スタイルの良さではロック座所属の鶴見つばさちゃんも好きだ。彼女の長い脚は心配になるくらい細くて長い。でもかすみ玲さんのおみ足は、なんていうか芯が通っていて生命感と安定感がある。10cmくらいのハイヒールでも楽々バランスを取っている。体幹を鍛えられているのだろう。ベッドで、天高く上げた片脚がスポットライトに照らされて輝いているのを観ると、あまりの美しさにゾクゾクする。きゅっと締まった膝下、ふくらはぎ、足首は彫刻作品のよう。ポーズのキレも良く、時間を止めたかのように微動だにしないのもすごい。たった数秒だってそのポーズはめちゃめちゃ筋肉を使うことを私は知っている。(同じようにポーズを決めようとしてもプルプル震える)

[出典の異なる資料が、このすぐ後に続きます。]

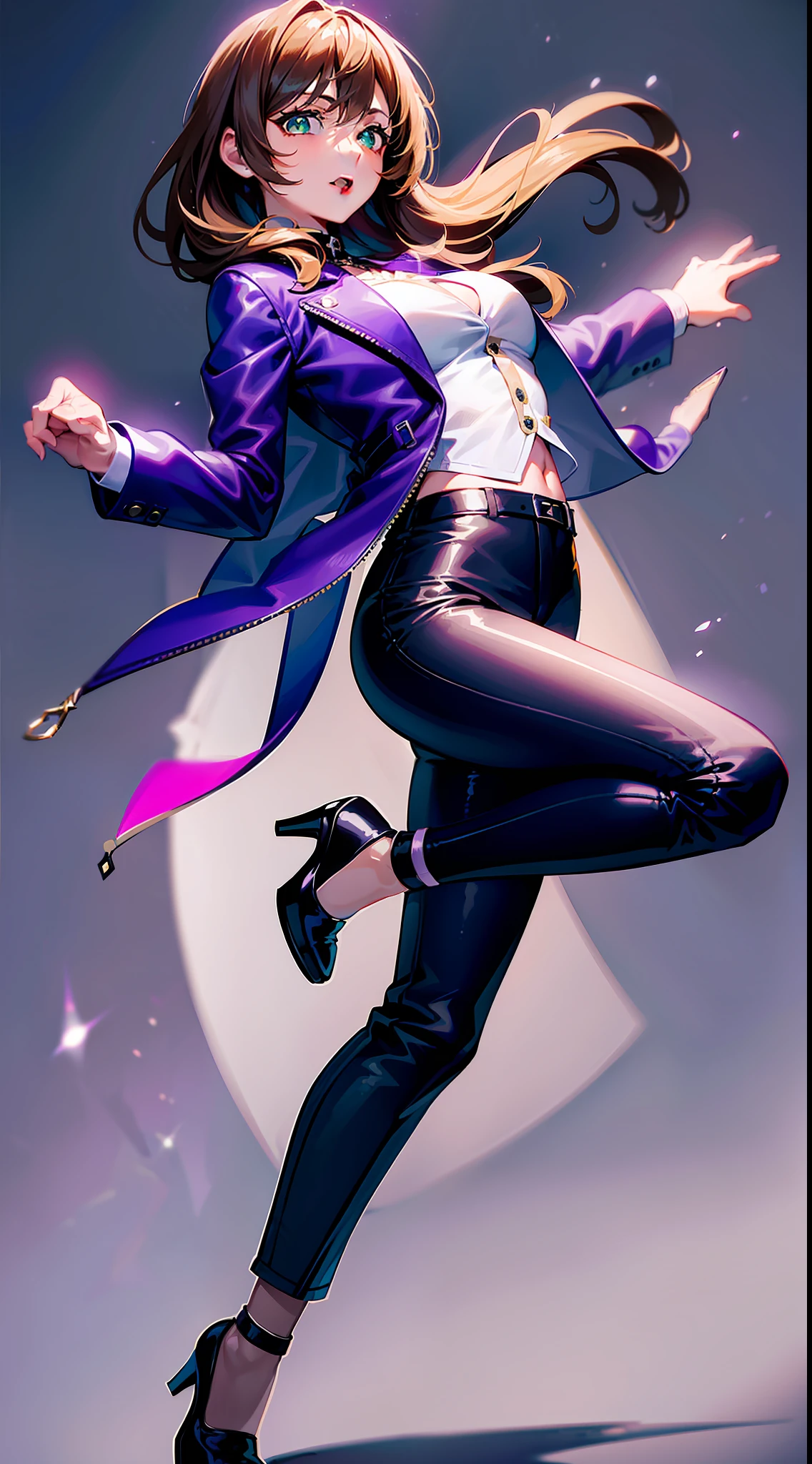 Singing and dancing singer, ((Genshin), (lisa)), brown hair, green eyes, confident expression, {costume description: (purple leather jacket), (white vest), (black slacks), black high heels}, (solid gray background), full body shot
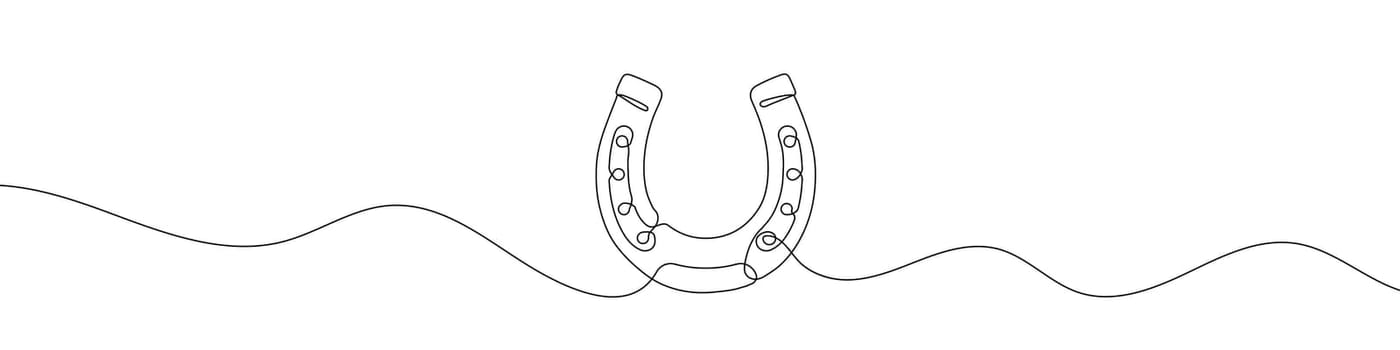 Horseshoe one line icon. One line drawing background. Continuous line drawing of horseshoe.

ミカドの盆は回らないけれど、床面にライトが仕込まれており、ストリッパーの裸体を薄いピンク色に染め上げる。かすみ玲さんは、なめらかな仕草で身につけている衣服や下着を脱ぎ、網タイツとハイヒールだけになる。網タイツ!場内にしあわせな空気が流れる。みんなの気持ちがひとつになり、もうみんなで飲みに行こうよ!という気持ちになる。誰とも話したこともないけれど。

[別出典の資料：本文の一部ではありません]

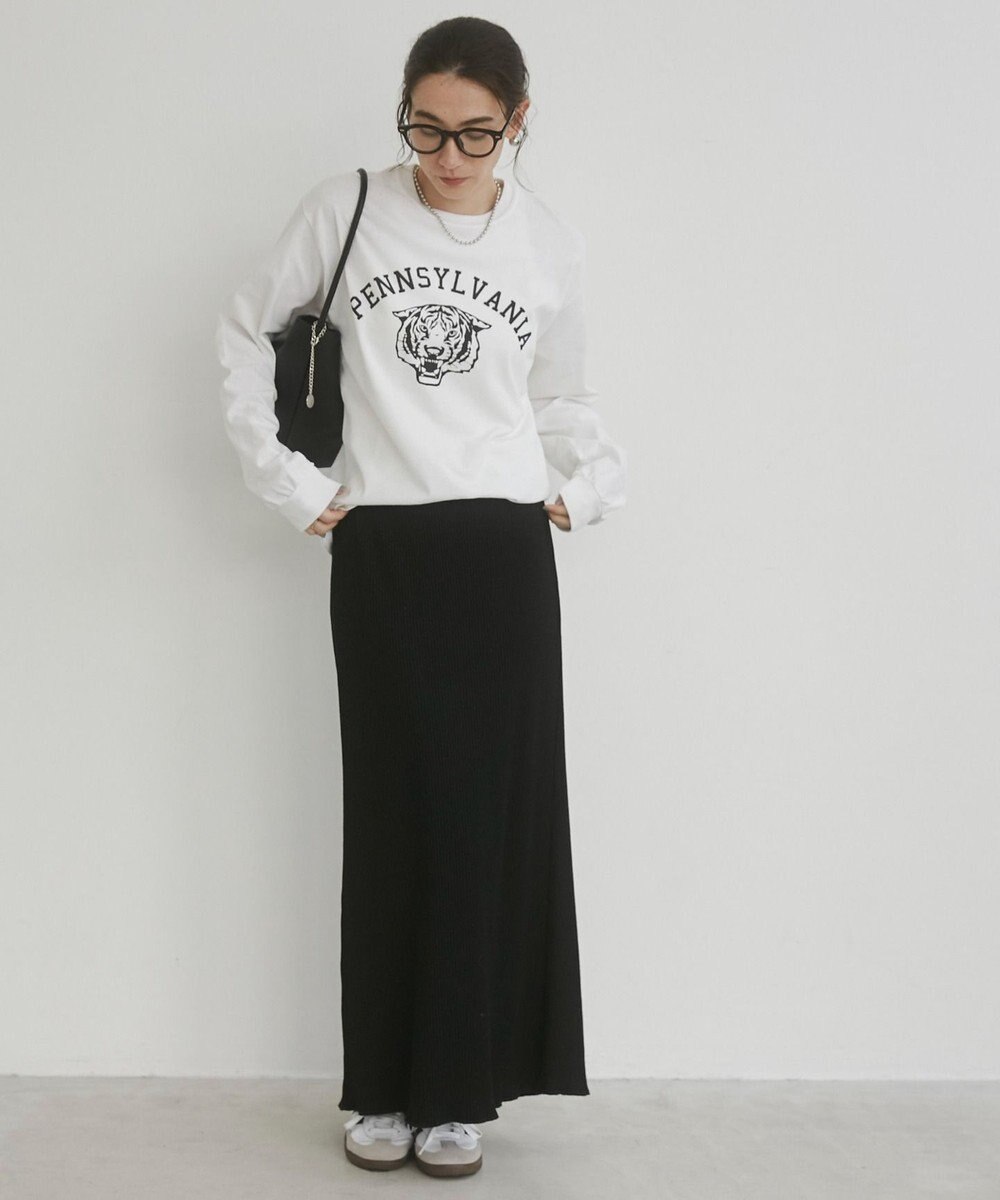 WEGO 【ANGIE VINTAGE】GILDAN カレッジロゴ オーバーサイズ プリント ロンT 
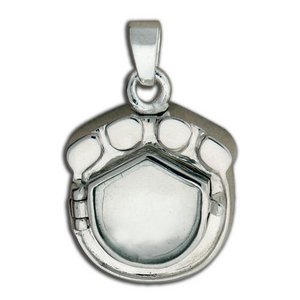 Sterling Silver  Photo  Paw Print Cremation Locket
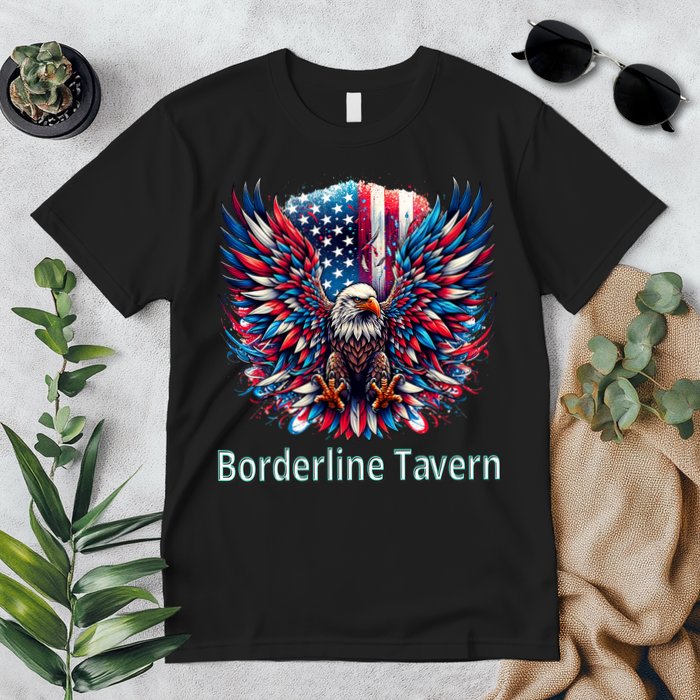 Borderline Tavern Eagle American Flag 4th Of July  Premium T-Shirt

かすみ玲さんは、言っちゃ悪いが顔が整ってるというわけではない。とても愛らしい顔立ちだとは思うけれど、当世モデル風の女性の顔(二重まぶたで目や口のパーツが大きく、鼻が高く卵顔)ではない。でもステージに立つとめちゃめちゃ美人に見える。それがすごいと思う。一重の流し目が涼しげで、ぽってりと厚いくちびるがセクシー。女優でも、美人が不美人を演じるのは特殊メイクや努力で見せられるけれど(「モンスター」のシャーリーズ・セロンや「いとはん物語」の京マチ子のように)、不美人が美人を演じるのは難しい。だから安藤サクラさんのように、演じられる対象の振れ幅が大きい女優に感心する。(「百円の恋」の変貌ぶりには目を剥く)かすみ玲さんはそういう魔法を使えるストリッパーだと思う。彼女の舞台は美しいし楽しいけれど、なによりも希望をもらえる気がする。
ポラタイムでご挨拶をした。あれこれ言うのは不粋なので、道後で観て好きになりました!とだけ伝えた。あとはサクッと心付け渡せるようになりたい。
閑話休題。ミカドに久々に来て気づいたことがある。客が面白い。ロック座のお客さんたちもアットホームで楽しいけれど、ミカドはもっとカオスだ。平均年齢は他館同様に高く、60-70代の男性ひとり客がほとんど(週末早い時間ということもあるけれど)。多くの人が若者っぽいキャップを被っていて、なぜシニアになるとみんな帽子を被るんだろうと不思議に思う。
一番驚いたのは、掛け声が許容されていること。ロック座ではあり得ない。歌舞伎の掛け声みたいに、言って良い場面と言葉に関する暗黙のルールがあるのかもしれない。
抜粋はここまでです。